Beyond those three essentials, you can also note the time of each seizure, how long it lasted, possible triggers (sleep deprivation, stress, missed meals), whether seizures came in clusters, and any medications that were missed. Seizure clusters, generally defined as two or more seizures within 6 hours or three or more within 24 hours, are particularly important to flag. Many people use smartphone apps designed for this purpose, which can generate reports to share at clinic visits.
How Hearing Frequency Is Tested
If you’re curious about testing the frequencies you can hear, clinical hearing tests (pure tone audiometry) evaluate your ability to detect sounds across the range of 250 to 8,000 Hz. This range covers most speech sounds, though the human ear can technically detect frequencies from 20 to 20,000 Hz. During the test, tones are played at different pitches and volumes through headphones, and you indicate each time you hear a sound.
The results are plotted on a chart called an audiogram. Your “pure tone average,” calculated from your sensitivity at 500, 1,000, and 2,000 Hz, gives a single number summarizing your hearing ability in the frequencies that matter most for understanding speech. Online hearing tests exist but are limited by your headphone quality and ambient noise. A clinical test in a soundproof booth remains the most reliable option.

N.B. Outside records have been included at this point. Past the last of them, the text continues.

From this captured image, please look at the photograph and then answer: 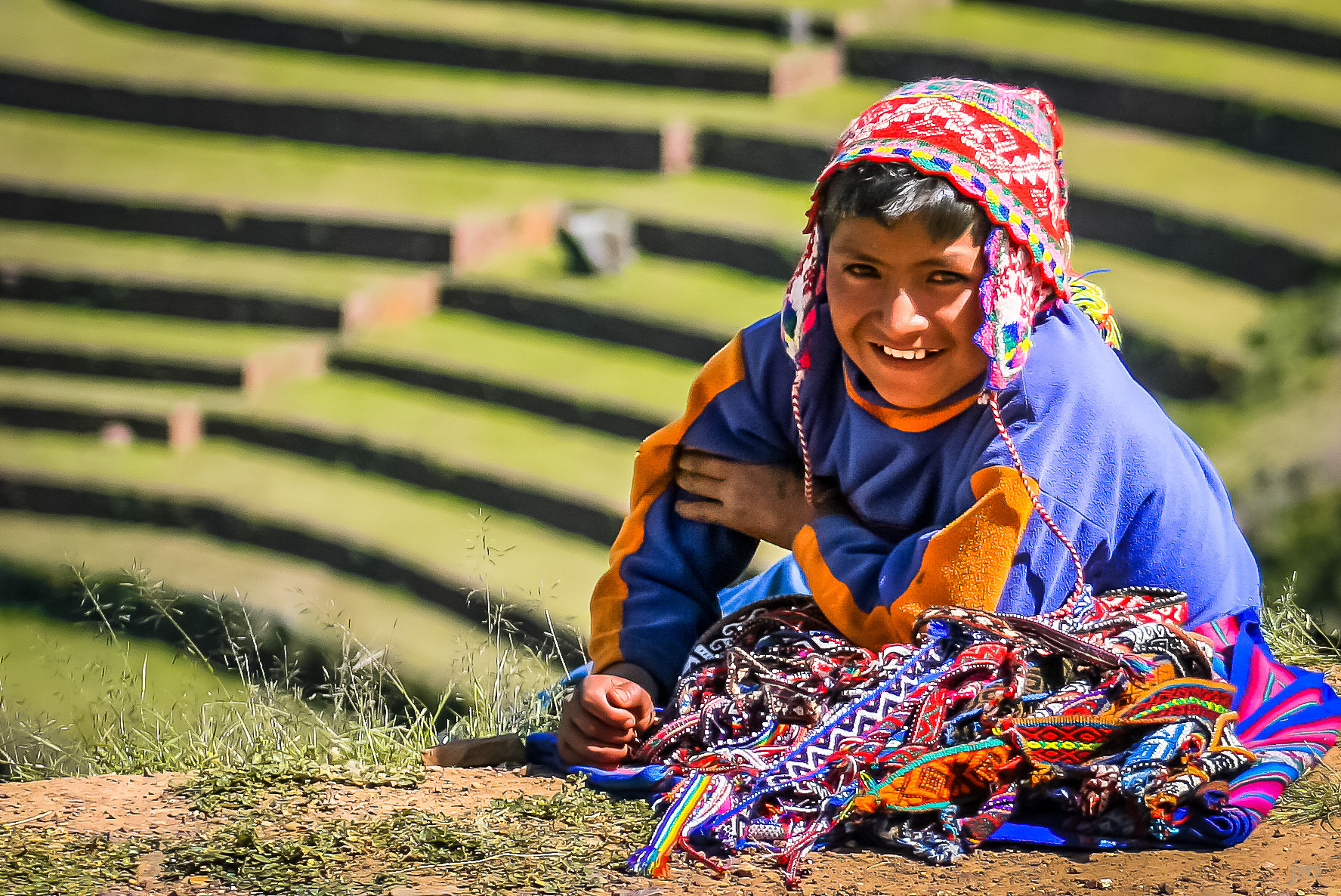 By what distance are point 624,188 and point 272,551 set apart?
3.60m

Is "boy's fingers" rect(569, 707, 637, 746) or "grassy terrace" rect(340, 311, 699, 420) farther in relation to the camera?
"grassy terrace" rect(340, 311, 699, 420)

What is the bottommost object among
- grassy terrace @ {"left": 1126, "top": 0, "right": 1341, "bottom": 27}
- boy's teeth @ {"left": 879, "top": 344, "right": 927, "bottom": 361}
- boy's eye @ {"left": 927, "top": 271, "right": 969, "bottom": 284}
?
boy's teeth @ {"left": 879, "top": 344, "right": 927, "bottom": 361}

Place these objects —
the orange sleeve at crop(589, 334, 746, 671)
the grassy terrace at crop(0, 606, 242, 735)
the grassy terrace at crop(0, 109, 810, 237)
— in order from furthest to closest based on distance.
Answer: the grassy terrace at crop(0, 109, 810, 237) < the grassy terrace at crop(0, 606, 242, 735) < the orange sleeve at crop(589, 334, 746, 671)

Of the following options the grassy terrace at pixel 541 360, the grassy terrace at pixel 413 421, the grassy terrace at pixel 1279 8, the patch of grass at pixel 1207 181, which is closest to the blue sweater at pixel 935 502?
the grassy terrace at pixel 413 421

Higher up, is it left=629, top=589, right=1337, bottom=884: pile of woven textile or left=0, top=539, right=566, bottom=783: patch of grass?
left=629, top=589, right=1337, bottom=884: pile of woven textile

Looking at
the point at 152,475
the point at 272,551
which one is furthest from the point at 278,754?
the point at 152,475

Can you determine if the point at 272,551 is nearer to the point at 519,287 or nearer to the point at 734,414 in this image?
the point at 519,287

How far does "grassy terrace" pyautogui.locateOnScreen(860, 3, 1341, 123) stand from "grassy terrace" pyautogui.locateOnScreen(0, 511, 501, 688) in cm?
538

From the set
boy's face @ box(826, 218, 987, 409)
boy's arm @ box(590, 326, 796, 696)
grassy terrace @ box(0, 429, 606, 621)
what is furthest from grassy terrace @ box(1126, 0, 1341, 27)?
boy's face @ box(826, 218, 987, 409)

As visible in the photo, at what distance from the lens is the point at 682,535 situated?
2.38 meters

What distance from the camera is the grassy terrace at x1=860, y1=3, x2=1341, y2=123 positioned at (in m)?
9.13

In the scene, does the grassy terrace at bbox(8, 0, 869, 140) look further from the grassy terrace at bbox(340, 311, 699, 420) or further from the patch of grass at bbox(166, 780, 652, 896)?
the patch of grass at bbox(166, 780, 652, 896)

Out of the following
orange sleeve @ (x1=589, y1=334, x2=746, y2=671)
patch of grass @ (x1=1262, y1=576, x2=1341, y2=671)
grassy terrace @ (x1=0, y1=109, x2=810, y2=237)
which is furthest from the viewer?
grassy terrace @ (x1=0, y1=109, x2=810, y2=237)

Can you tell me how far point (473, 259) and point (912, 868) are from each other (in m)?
8.45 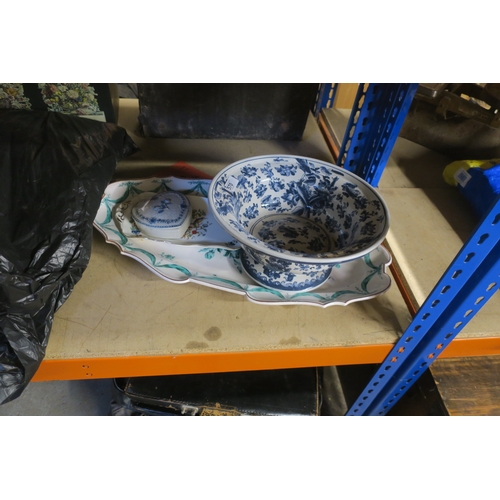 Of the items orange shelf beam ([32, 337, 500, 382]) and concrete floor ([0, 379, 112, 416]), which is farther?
concrete floor ([0, 379, 112, 416])

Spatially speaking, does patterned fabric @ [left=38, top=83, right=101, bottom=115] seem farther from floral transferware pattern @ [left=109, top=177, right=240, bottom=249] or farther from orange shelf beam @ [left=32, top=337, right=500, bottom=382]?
orange shelf beam @ [left=32, top=337, right=500, bottom=382]

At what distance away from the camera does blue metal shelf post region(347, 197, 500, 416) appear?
1.22 feet

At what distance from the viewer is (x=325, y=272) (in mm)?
514

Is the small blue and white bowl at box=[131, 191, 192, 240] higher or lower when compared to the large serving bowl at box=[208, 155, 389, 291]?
lower

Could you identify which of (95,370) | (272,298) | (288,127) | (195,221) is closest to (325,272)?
(272,298)

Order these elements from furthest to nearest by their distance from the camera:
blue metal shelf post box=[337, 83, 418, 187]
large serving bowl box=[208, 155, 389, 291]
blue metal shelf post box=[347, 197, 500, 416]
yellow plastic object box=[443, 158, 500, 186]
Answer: yellow plastic object box=[443, 158, 500, 186]
blue metal shelf post box=[337, 83, 418, 187]
large serving bowl box=[208, 155, 389, 291]
blue metal shelf post box=[347, 197, 500, 416]

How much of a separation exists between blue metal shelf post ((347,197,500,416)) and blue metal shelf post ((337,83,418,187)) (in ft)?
0.99

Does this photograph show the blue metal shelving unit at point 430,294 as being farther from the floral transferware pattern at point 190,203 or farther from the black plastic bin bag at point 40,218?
the black plastic bin bag at point 40,218

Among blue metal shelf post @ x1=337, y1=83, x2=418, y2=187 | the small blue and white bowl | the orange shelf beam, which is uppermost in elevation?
blue metal shelf post @ x1=337, y1=83, x2=418, y2=187

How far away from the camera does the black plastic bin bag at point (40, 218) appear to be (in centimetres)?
39

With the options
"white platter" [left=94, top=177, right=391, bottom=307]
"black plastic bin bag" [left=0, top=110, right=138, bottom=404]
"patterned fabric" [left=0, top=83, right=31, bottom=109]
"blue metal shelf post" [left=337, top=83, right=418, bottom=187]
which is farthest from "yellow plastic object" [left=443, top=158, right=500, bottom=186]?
"patterned fabric" [left=0, top=83, right=31, bottom=109]

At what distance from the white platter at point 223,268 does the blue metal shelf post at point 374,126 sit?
21cm

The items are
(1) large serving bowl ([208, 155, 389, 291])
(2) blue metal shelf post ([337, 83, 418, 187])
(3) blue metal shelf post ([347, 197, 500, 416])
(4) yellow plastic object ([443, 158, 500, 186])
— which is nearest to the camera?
(3) blue metal shelf post ([347, 197, 500, 416])

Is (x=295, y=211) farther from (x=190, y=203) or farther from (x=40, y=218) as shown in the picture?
(x=40, y=218) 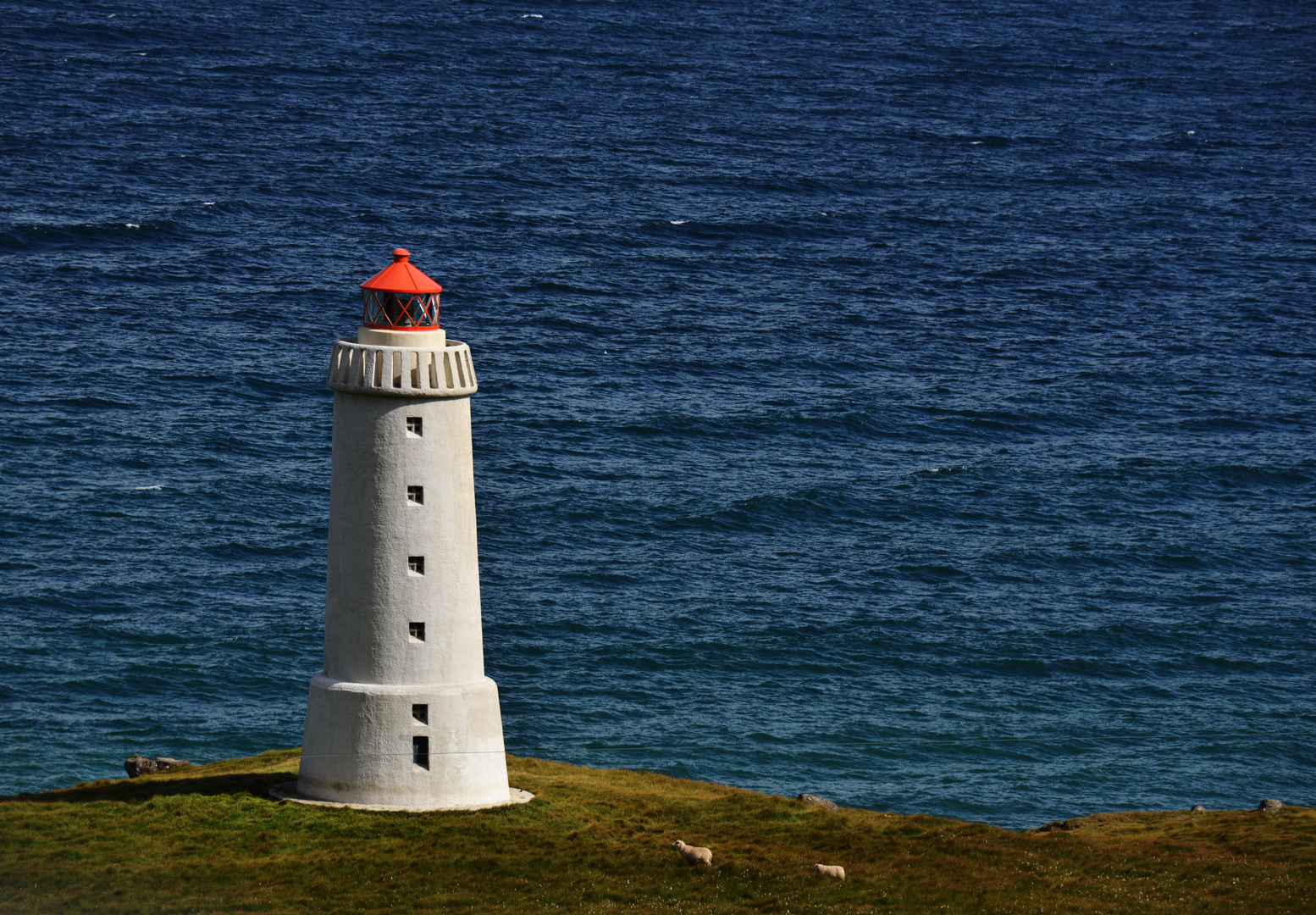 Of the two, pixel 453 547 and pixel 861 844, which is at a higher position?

Using Wearables for Ongoing Monitoring
Modern fitness watches pack an impressive array of sensors: optical heart rate monitors, pulse oximeters, accelerometers, thermometers, and barometers. These allow continuous tracking of heart rate, sleep patterns, blood oxygen levels, step counts, and estimated calorie burn. Some newer models from Apple and Garmin also estimate respiratory rate and detect irregular heart rhythms.
The convenience is real, but accuracy varies. A review of five commercially available wrist-worn devices found that most had error rates above 10% for energy expenditure compared to laboratory measurements. Heart rate tracking tends to be more reliable at rest than during vigorous exercise. Step counting accuracy also differs between devices and brands, with some consistently overestimating and others underestimating. Wearables are best used for spotting trends over weeks and months rather than trusting any single reading as precise. For clinical decisions, manual measurements or medical-grade equipment remain the standard.